I loved her tenaciousness and how she persisted in obtaining a degree in architecture during the turbulent years of World War II. One lazy afternoon, when we indulged in sugary snacks, she recounted the evacuation from her home province with her parents. Along with her five other siblings, they ran with just a small suitcase each because of a rumor that the Japanese would carpet-bomb their province. Then the Americans under General Douglas MacArthur returned in 1945. My mother resumed her studies, finally completing her architectural degree after nine years and two foreign occupations.
She graduated from the University of Santo Tomas as the first female graduate and was recognized by her university in December 2010. I watched all the female students in the audience rush onstage to have their pictures taken with my mother, the rockstar of the school of architecture. She held her plaque and her flower bouquet. She was speechless, and I cried like an idiot. To be the daughter of a pioneer and a trailblazer, someone who did not yield to any of life’s difficult circumstances but pushed against the tide to define herself, was her ultimate gift. She left a legacy. She reminded me in innumerable ways that I should make something of myself as she did. I would not want to be anything less.
We gave a farewell lunch to the nurses and caregivers the Sunday following my mother’s inurnment. A few have gone to other homes nearby to repeat the ritual of gently ushering someone out of their tormented bodies into a more peaceful realm --- that unknown place where we believe and hope souls have found rest. They said their goodbyes to my mother. They told us stories of her as their patient: the sufferings she endured, the multiple physical inconveniences, her courage and steadfastness to hang on for yet another day.
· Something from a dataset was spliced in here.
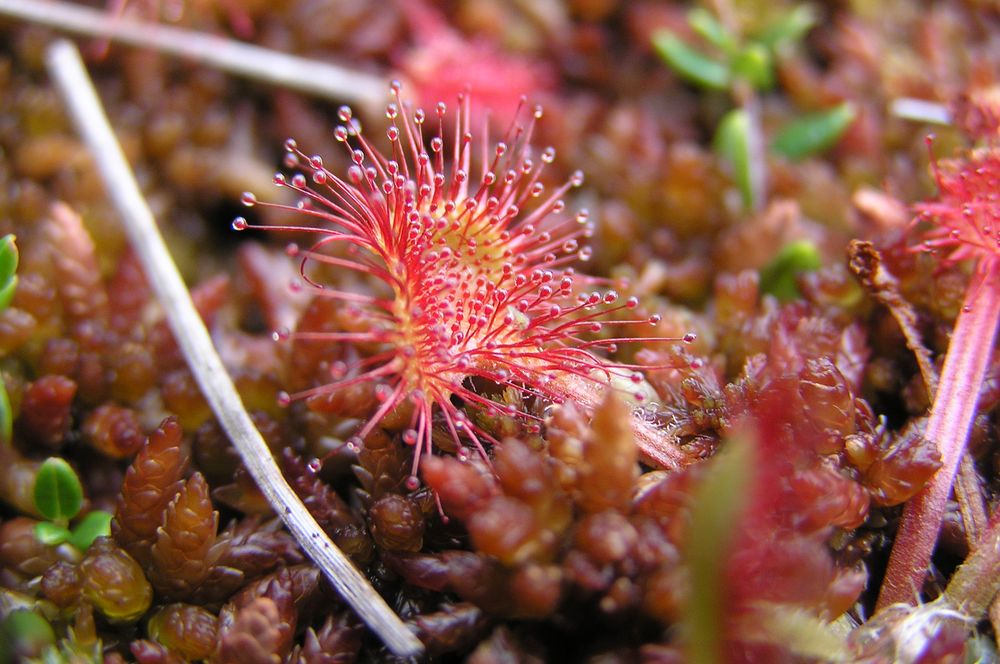 drosera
She fought bravely, they all said. She wanted to see all her children surrounding her before she made her final bow.
In the evenings, before I sleep, I invoke the ho’oponopono prayer, a Hawaiian mantra of love, forgiveness, and gratitude. I love you; I am sorry; Please forgive me; I thank you.
I offer it to my mother for everything I wish I could have told her if Time had been a bit longer and kinder. Mom, I could still be a better daughter.
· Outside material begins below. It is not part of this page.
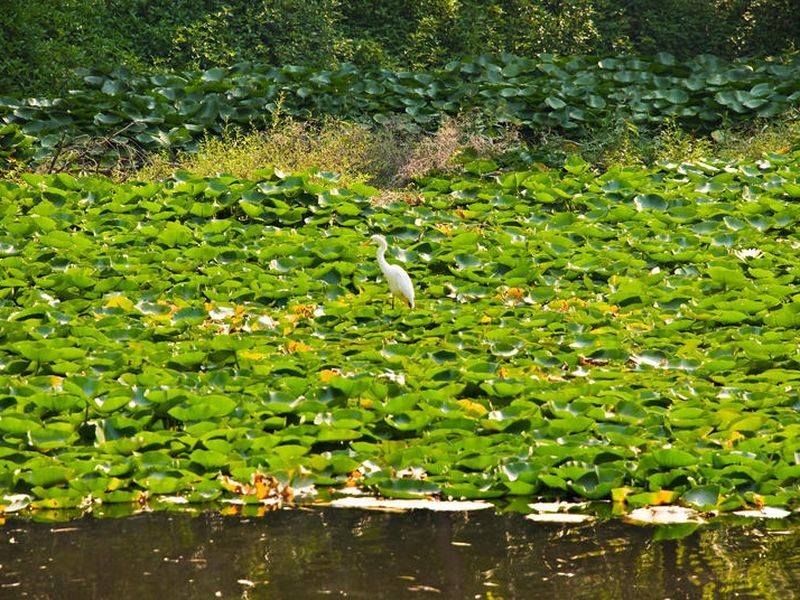 13-15 Griffiths Street Manoora, Cairns QLD 4870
And then she spoke to me from the divine realm of the unknown through a poem that I found serendipitously during a long layover at Bangkok airport. Henry Scott Holland, an English clergyman and Regius Professor of Divinity at Oxford University, delivered a sermon at St. Paul’s Cathedral following the death of King Edward VII in 1910. I imagined my mom gently taking my face into her hands as she delivered the same words from Henry Scott Holland:
Death is nothing at all
I have only slipped away into the next room
I am I and you are you
Whatever we were to each other
That we are still
Call me by my old familiar name
Speak to me in the easy way you always used
Put no difference into your tone
Wear no forced air of solemnity or sorrow
Laugh as we always laughed
At the little jokes we always enjoyed together
Play, smile, think of me, pray for me
Let my name be ever the household word that it always was
Let it be spoken without effort
Without the ghost of a shadow in it
Life means all that it ever meant
It is the same as it ever was
There is absolute unbroken continuity
What is death but a negligible accident?
Why should I be out of mind
Because I am out of sight?
I am waiting for you for an interval
Somewhere very near
Just around the corner
All is well.
Nothing is past; nothing is lost
One brief moment and all will be as it was before
How we shall laugh at the trouble of parting when we meet again!